Stored items from a collection:

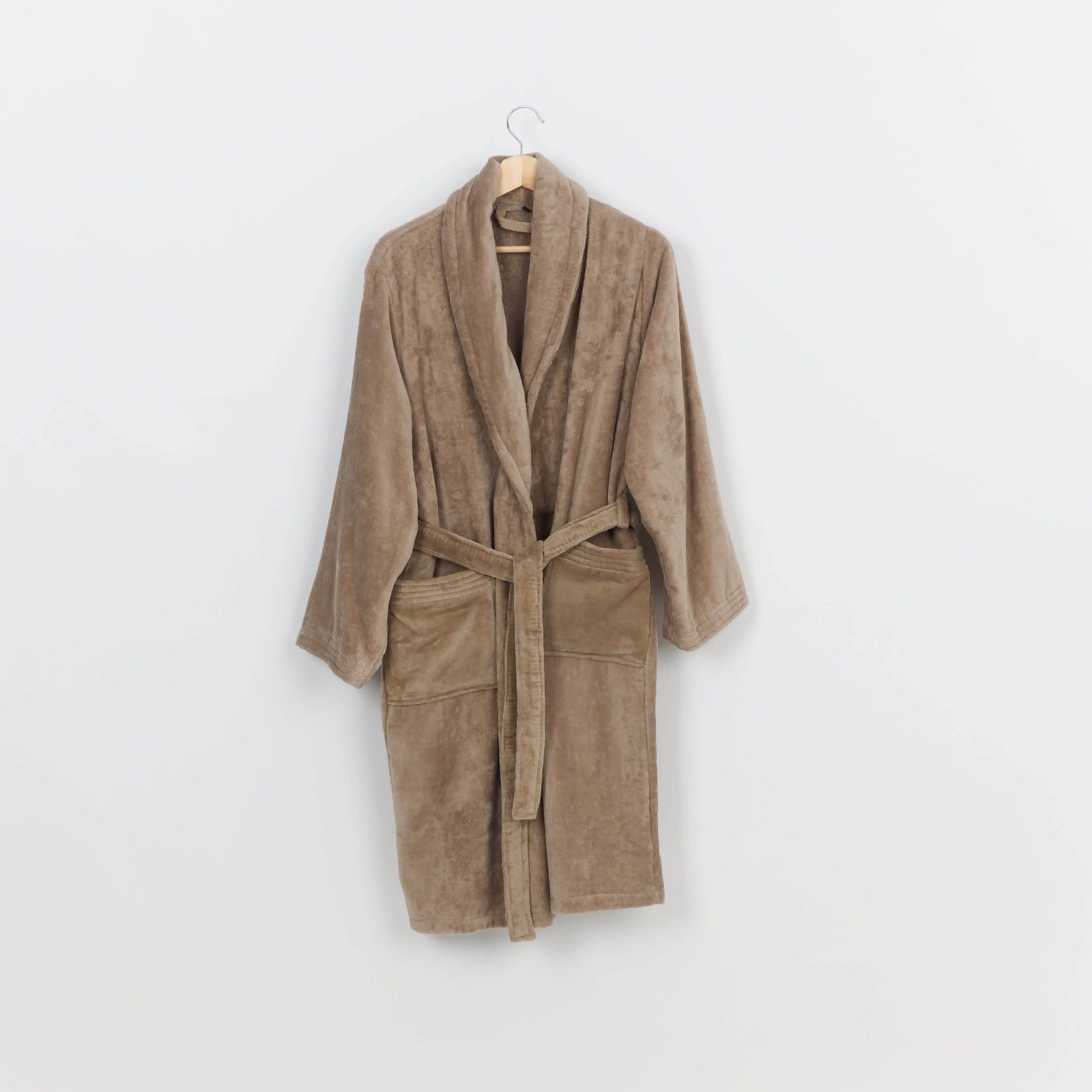 Peignoir Velours (H/F) – 100% Coton – 450g/m² - (Taupe) - SOFTHOME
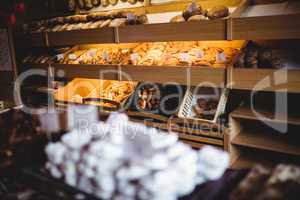 Various sweet foods in bakery shop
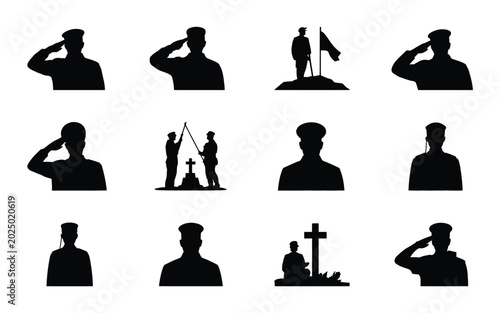 Soldiers saluting and honoring the fallen in various poses and scenes of remembrance and respect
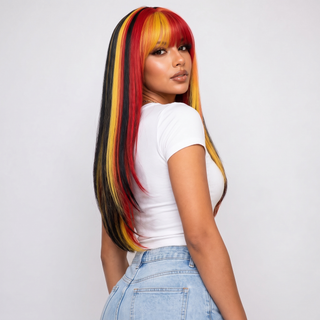 "Trinity - Long Red Black Yellow Wig with Bangs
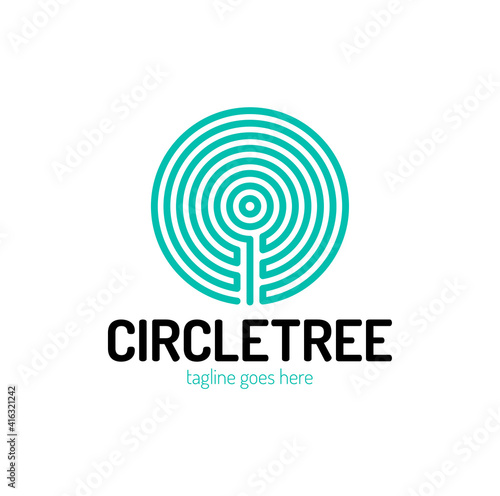 The cut of a tree in the circle shape and labyrinth logo template. For timber and woodworking companies. Creative and modern symbol for company identity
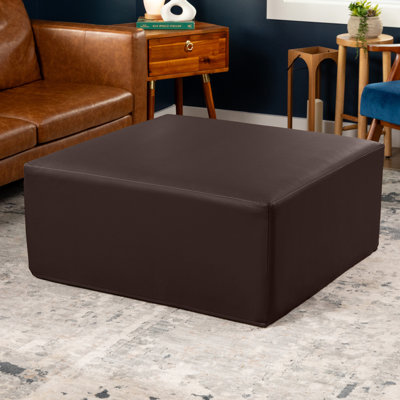 Jaxx Fairlie Couch Ottoman - Oversized Square Foam Coffee Table Ottoman, 36", Premium Faux Leather by Hokku Designs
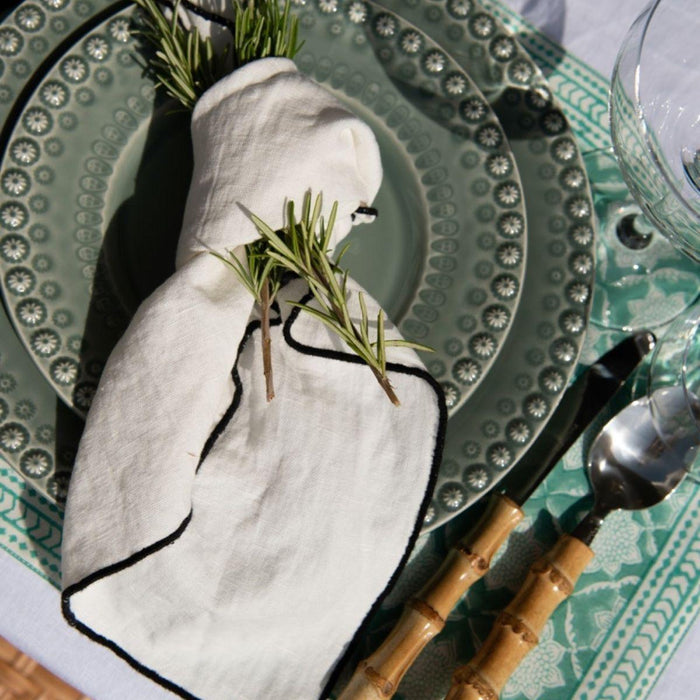 Napkin Bourdon Canvas Mimi - Blanc & Bourdon Noir (set of 6) - Napkins - Maison de Vacances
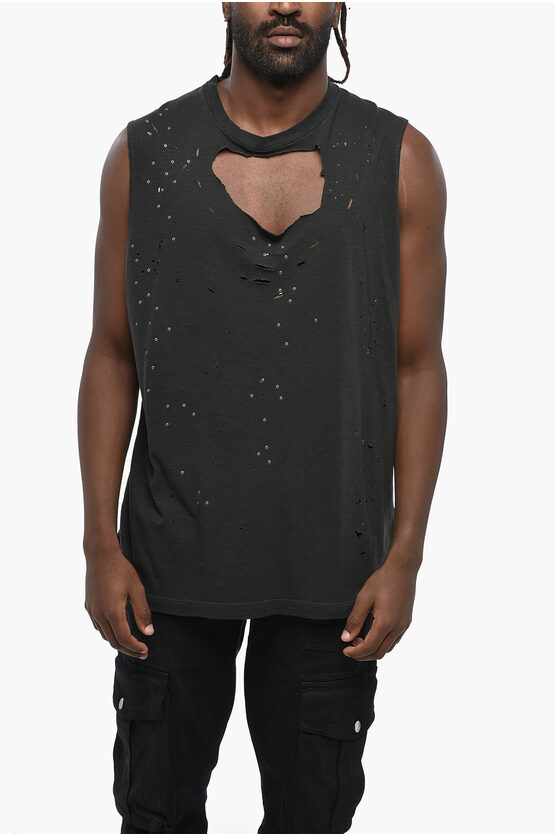 Dsquared2 Vintage Effect Cigarette Fit Tank Top With Studs In Black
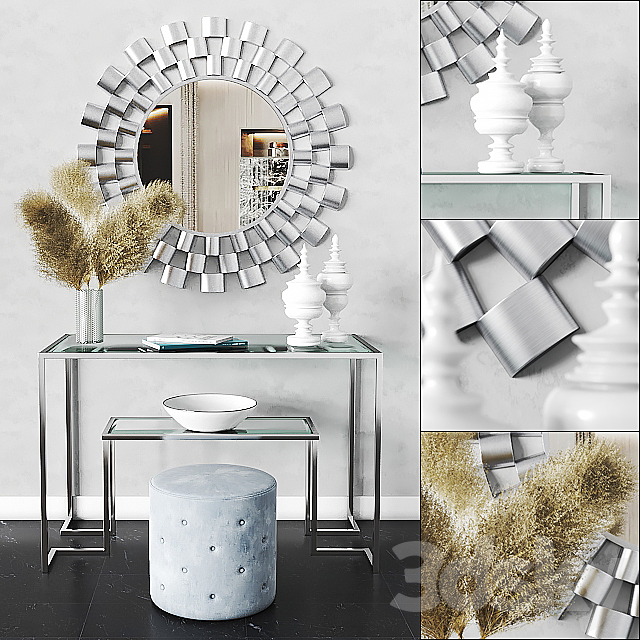 Arielle Tiered Wall Mirror & Anta Gold Console Table 3DSMax File - thumbnail 1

» **YOUR INSTRUCTIONS**: From the first line to the last, retype the data exactly, without images.

» **REPLY TO THE TASK**:
 Peignoir Velours (H/F) – 100% Coton – 450g/m² - (Taupe) - SOFTHOME
 Various sweet foods in bakery shop
 Soldiers saluting and honoring the fallen in various poses and scenes of remembrance and respect
 "Trinity - Long Red Black Yellow Wig with Bangs
 The cut of a tree in the circle shape and labyrinth logo template. For timber and woodworking companies. Creative and modern symbol for company identity
 Jaxx Fairlie Couch Ottoman - Oversized Square Foam Coffee Table Ottoman, 36", Premium Faux Leather by Hokku Designs
 Napkin Bourdon Canvas Mimi - Blanc & Bourdon Noir (set of 6) - Napkins - Maison de Vacances
 Dsquared2 Vintage Effect Cigarette Fit Tank Top With Studs In Black
 Arielle Tiered Wall Mirror & Anta Gold Console Table 3DSMax File - thumbnail 1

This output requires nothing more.